The Null Device

I (heart) Commercial Radio

The radio in the office next door is tuned to a commercial radio station. Despite my well-stocked Archos Jukebox and set of PC speakers, I cannot escape this. Part of this is bad music, middle-aged rockers howling out bland MOR ballads, like some meaningless ritualisation of what was once a mating call. But most of it is ads. Annoying, intelligence-insulting, in-your-face ads. They tend to fall into three categories:

One thing one notices about commercial radio is the way all the advertisers (and the announcers) constantly speak with that "I'm Excited!
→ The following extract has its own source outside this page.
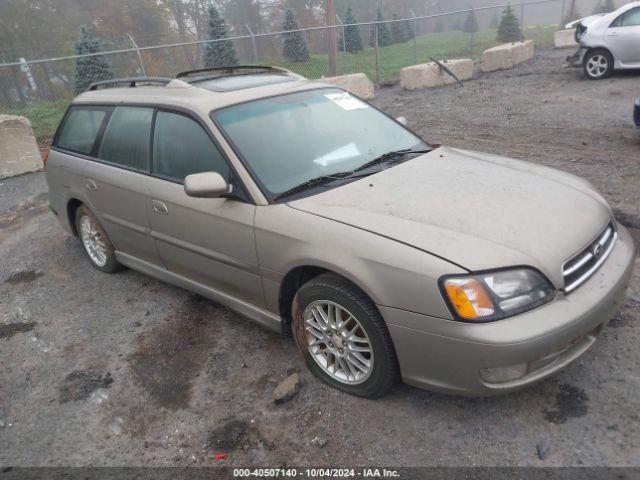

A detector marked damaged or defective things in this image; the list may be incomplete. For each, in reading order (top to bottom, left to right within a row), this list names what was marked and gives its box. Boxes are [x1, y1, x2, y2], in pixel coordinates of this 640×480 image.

damaged white car [564, 1, 640, 79]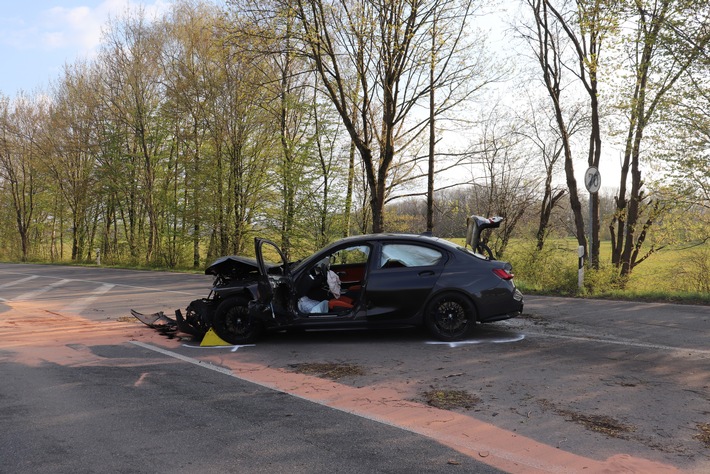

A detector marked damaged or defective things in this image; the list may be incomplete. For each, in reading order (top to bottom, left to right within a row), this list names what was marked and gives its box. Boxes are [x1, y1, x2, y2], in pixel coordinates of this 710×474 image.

detached car part on road [152, 227, 524, 342]
wrecked car [153, 220, 524, 342]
Ask Me Why!" tone of voice; their voices are always raised, sometimes to the point of shouting, and each syllable sounds like the start of a new sentence.

Why anybody would willingly choose to subject themselves to this, I do not know. Though I have some theories; perhaps the constant sugar-rush of excitement in the advertisers' voices is contagious, acting as a subconscious stimulant, helping the average working stiff through their otherwise tedious and/or exhausting day with a plastic smile on their face, and keeping them from realising the all-pervading emptiness of their life and collapsing into black despair? It's just a theory.

As for me? I'll stick to 3RRR, thanks.

There are 11 comments on "I (heart) Commercial Radio":

Posted by: dj http:// Thu Aug 28 07:19:05 2003

I agree 100%. i refuse to listen to commercial radio because of the ads. some of them are so bad its unbelievable, especially when the announcers read them.

Posted by: Alex Thu Aug 28 09:41:22 2003

Listen to the 'traffic reports'. Starts with an ad, then the data, then another ad, then the signoff. It's radio product placement. Log the songs you don't like, log the songs you can barely tolerate ... have a 'zen tv experiment' time with it. Listen objectively?

Posted by: gjw http://the-fix.org Thu Aug 28 11:09:17 2003

And there's just so many of them! I can't understand how people can stand it. But I think maybe it is addictive, and maybe it's what a lot of people _expect_ from radio. The "commercial radio" people I know complain about the "dreary, unprofessional" voices on JJJ and community radio. I just think the voices sound _real_.

Posted by: sam http:// Thu Aug 28 11:22:02 2003

dreary? unprofessional? they sound much more alive and so completely the opposite of dreary to me..

Posted by: limey http://asseptic.org/433 Thu Aug 28 12:50:31 2003

I reckon the basis for that kind of advertising is like spam or TV shopping. As ITE's Ed put it, even if only 1% of all those exposed to such propaganda fall for it, it means a lot of profit.

Posted by: Graham http://grudnuk.com/ Thu Aug 28 15:16:17 2003

Singing along to Wuthering Heights or Bohemian Rhapsody in the workplace usually gets people to change the station or turn it down.

Posted by: dj http:// Fri Aug 29 00:49:57 2003

excellent strategy Graham, i shall keep that in mind if i ever face myself in a situation where its use is paramount.

Posted by: Bowie http://realkosh.weblogs.com/ Fri Aug 29 05:26:05 2003

I often wish they'd just do away with the DJ altogether. I can't stand the ads on commercial stations but chatter gets to me to. I want to hear music, or at the worse, ads for gigs in Melbourne. Triple R gets my vote although it has the annoying DJs who speak about three words, wait five to ten seconds, speak three more words... all over the music you're trying to hear... it's still better than BUY NOW but I prefer listening to a CD.

Posted by: acb http://dev.null.org Fri Aug 29 05:58:45 2003

Depends on the programme; Steve Wide seems to be fairly good, as do the Local and/or General people.

Posted by: Pat McGroyn http:// Fri Aug 29 06:53:29 2003

Here's what you do.

Get an iPod and an iTrip radio transmitter. Set the iTrip to your COWorker's radio frequency and play 1.) music YOU like 2.)strange creepy voices 3.)loud phone sex

Hilarity will follow.

Posted by: Waz http:// Sun Aug 31 09:21:49 2003

Try going out with a girl who does the special prize giveaways ala icey cold coke promotions for a commercial radio station. I literally thought she was giving something away once when she got even remotely excited during a normal outside-work situation.